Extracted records
__________________________________________________

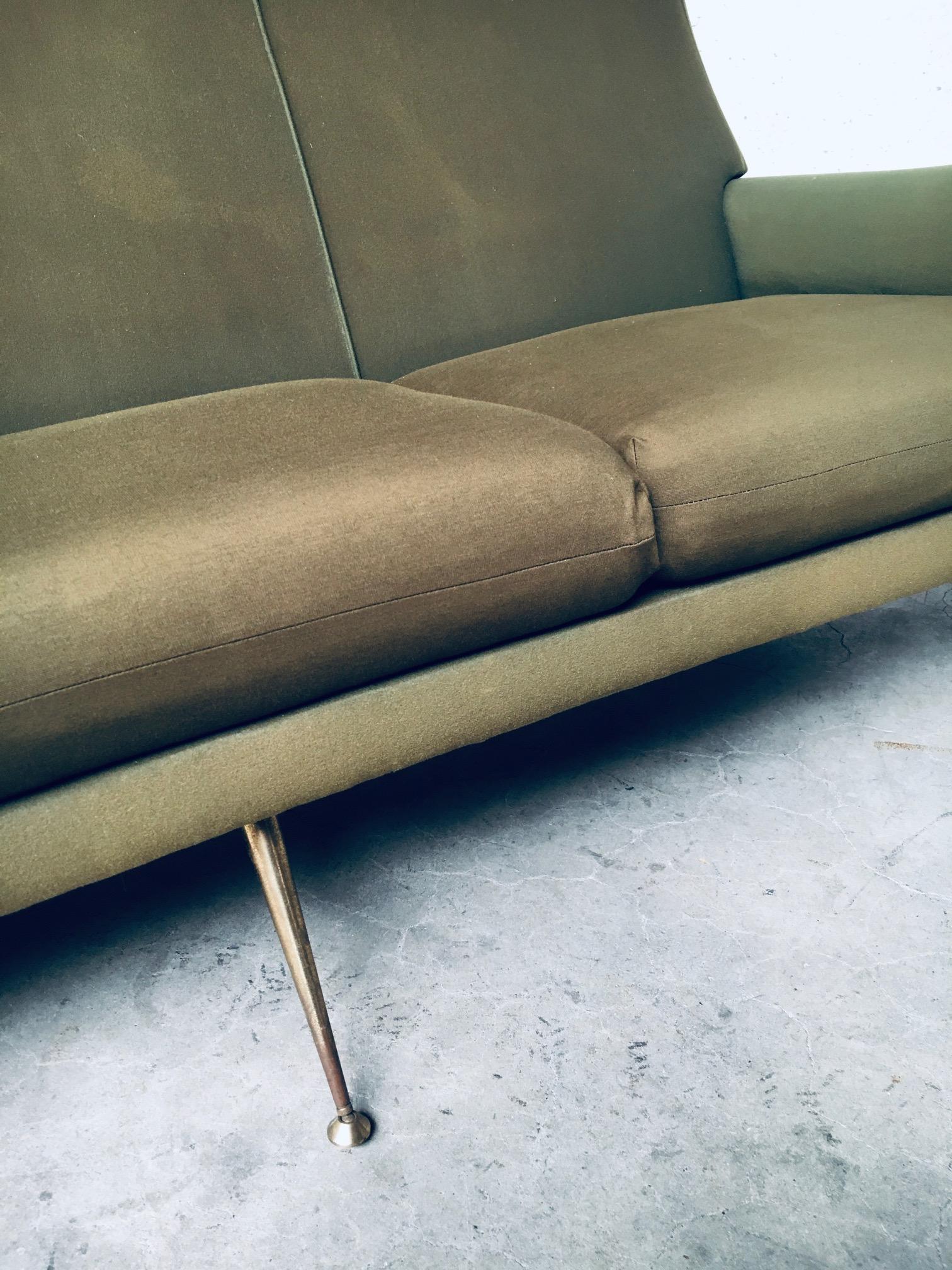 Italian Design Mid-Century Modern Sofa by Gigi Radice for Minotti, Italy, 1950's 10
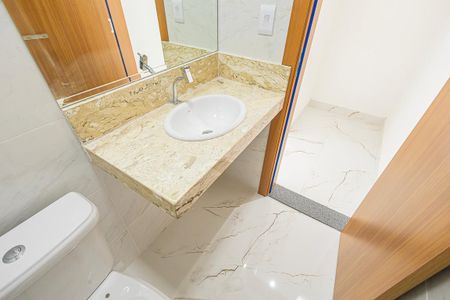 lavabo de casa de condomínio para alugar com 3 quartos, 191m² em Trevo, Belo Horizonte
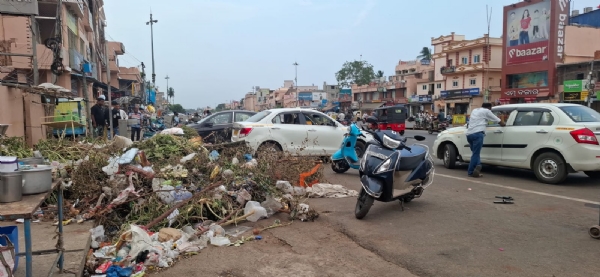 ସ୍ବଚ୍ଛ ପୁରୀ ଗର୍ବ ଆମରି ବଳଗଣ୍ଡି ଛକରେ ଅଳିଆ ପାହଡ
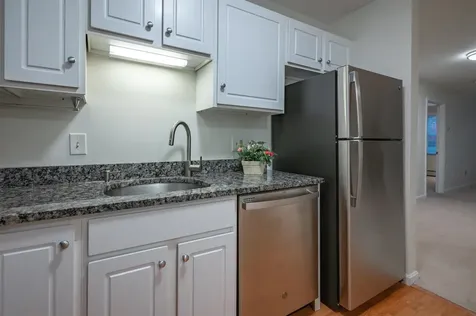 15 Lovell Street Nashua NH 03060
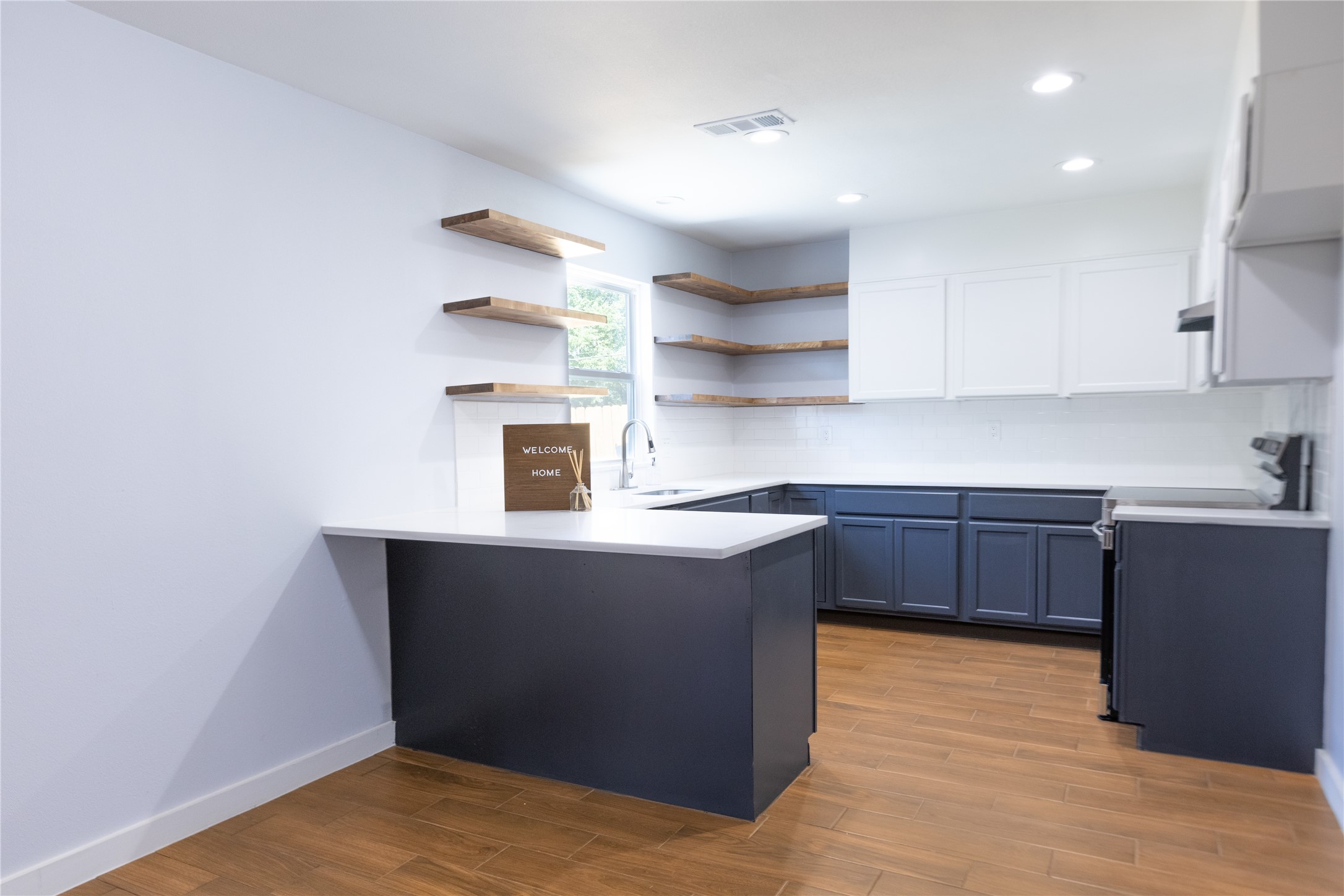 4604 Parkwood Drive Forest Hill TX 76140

__________________________________________________

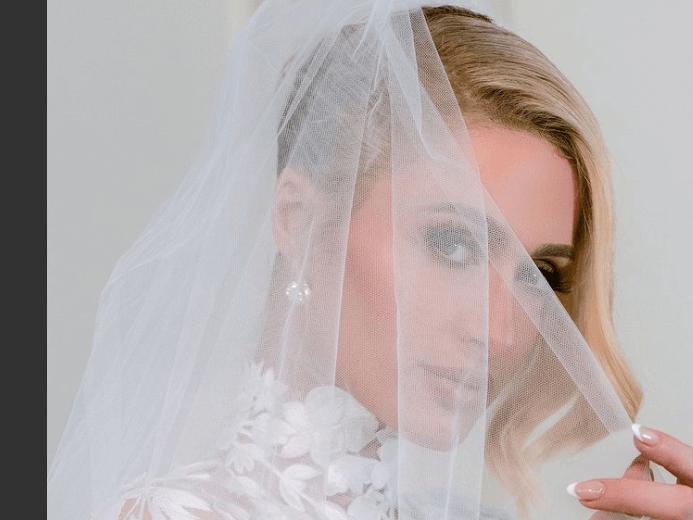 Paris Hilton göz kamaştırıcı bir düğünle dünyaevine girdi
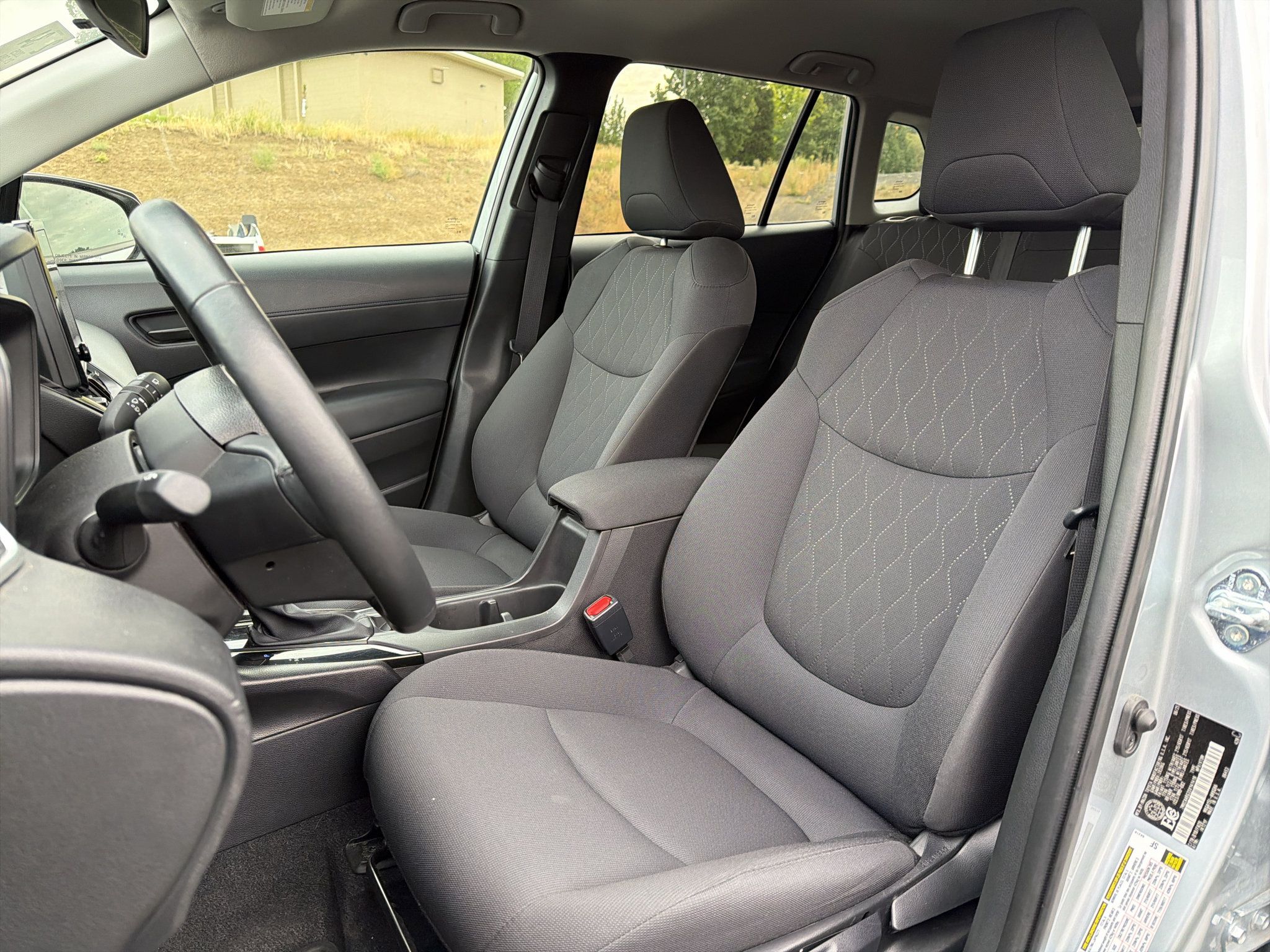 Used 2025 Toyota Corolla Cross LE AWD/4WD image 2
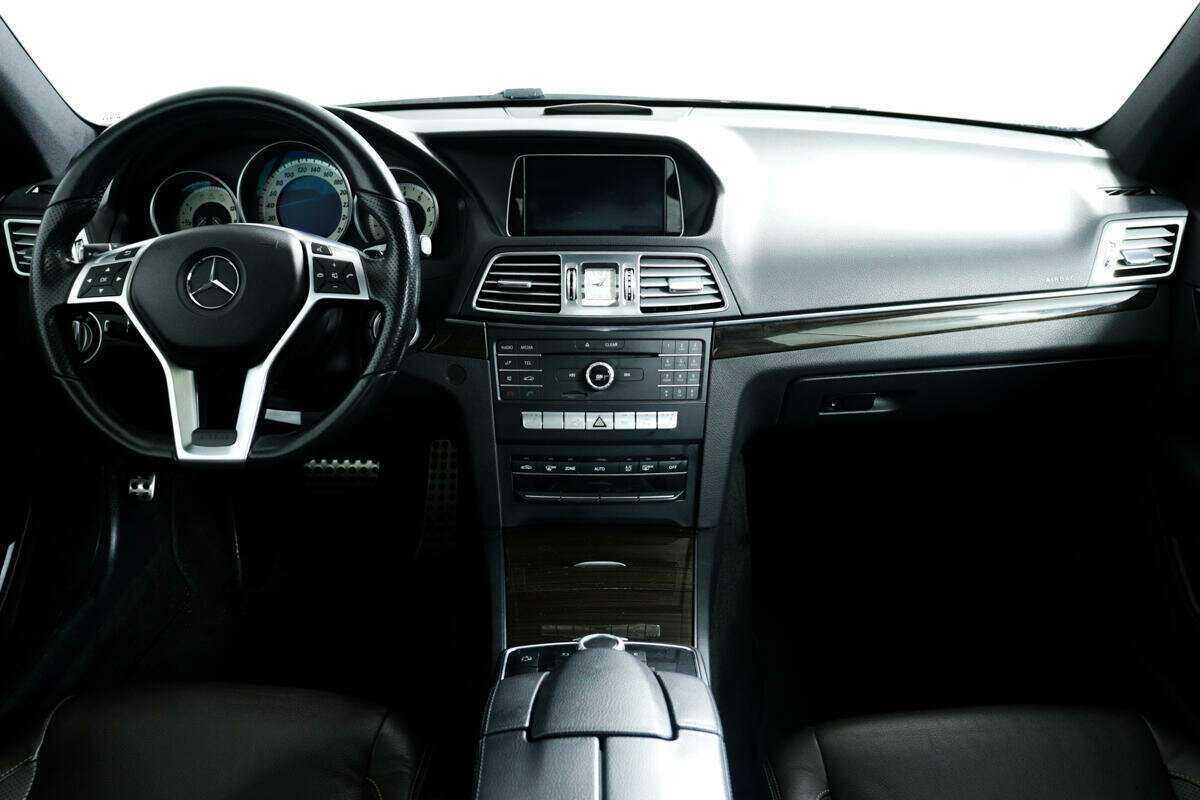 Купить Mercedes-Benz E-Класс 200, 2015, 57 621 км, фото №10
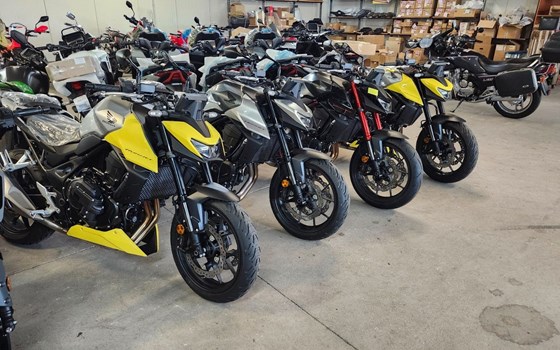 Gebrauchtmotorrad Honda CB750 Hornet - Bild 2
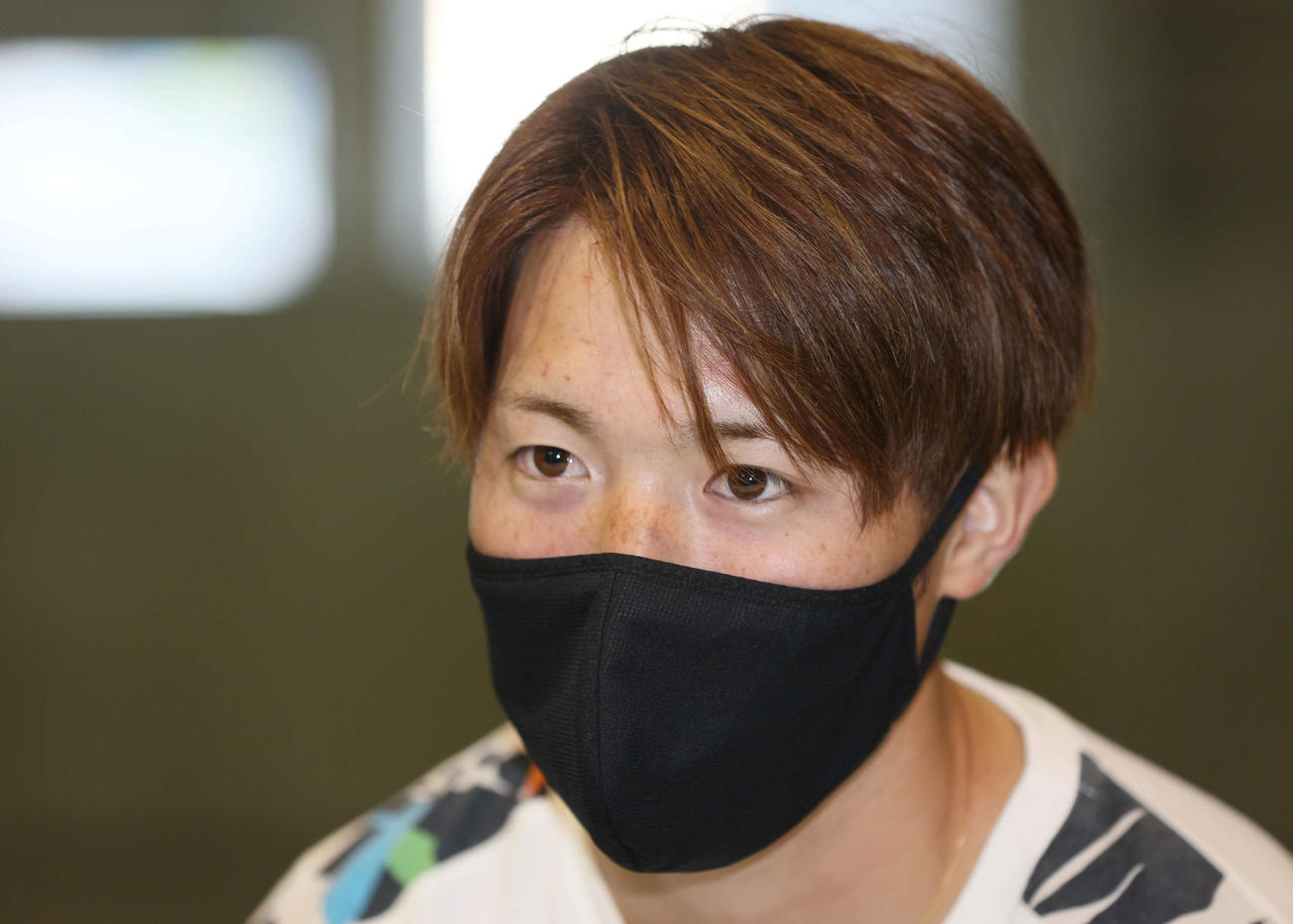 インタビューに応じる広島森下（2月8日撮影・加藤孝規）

__________________________________________________

• [What you have to do] Using the records above, print exactly the lines between the ones containing "Italian Design Mid-Century" and "4604 Parkwood Drive Forest Hill TX 76140", inclusive, and nothing else; no pictures.

• [Exercise response]
 Italian Design Mid-Century Modern Sofa by Gigi Radice for Minotti, Italy, 1950's 10
 lavabo de casa de condomínio para alugar com 3 quartos, 191m² em Trevo, Belo Horizonte
 ସ୍ବଚ୍ଛ ପୁରୀ ଗର୍ବ ଆମରି ବଳଗଣ୍ଡି ଛକରେ ଅଳିଆ ପାହଡ
 15 Lovell Street Nashua NH 03060
 4604 Parkwood Drive Forest Hill TX 76140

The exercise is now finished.